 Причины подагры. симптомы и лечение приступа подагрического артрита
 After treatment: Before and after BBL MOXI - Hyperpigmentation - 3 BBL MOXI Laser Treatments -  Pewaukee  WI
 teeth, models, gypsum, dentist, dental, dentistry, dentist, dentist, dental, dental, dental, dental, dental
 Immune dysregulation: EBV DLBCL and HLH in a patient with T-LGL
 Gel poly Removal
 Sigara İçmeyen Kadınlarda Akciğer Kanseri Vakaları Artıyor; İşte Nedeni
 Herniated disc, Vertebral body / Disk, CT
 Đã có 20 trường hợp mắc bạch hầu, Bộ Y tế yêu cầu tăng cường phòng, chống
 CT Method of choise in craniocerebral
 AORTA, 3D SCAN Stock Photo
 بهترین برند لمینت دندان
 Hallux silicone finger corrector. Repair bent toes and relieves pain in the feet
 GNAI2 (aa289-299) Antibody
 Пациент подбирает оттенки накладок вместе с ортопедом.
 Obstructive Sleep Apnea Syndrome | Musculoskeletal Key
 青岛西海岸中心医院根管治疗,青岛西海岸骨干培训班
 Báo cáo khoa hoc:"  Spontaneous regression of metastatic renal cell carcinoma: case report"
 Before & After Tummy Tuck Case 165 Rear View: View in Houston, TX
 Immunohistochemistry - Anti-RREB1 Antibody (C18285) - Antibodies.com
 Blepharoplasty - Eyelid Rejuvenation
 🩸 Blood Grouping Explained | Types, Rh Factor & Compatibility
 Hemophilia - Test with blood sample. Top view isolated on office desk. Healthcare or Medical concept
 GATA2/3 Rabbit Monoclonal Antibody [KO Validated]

## EXERCISE PROMPT
Work through the material above and count the lines that contain the word "with". Only the number is to be given.

## SOLUTION FOR THIS PROBLEM
2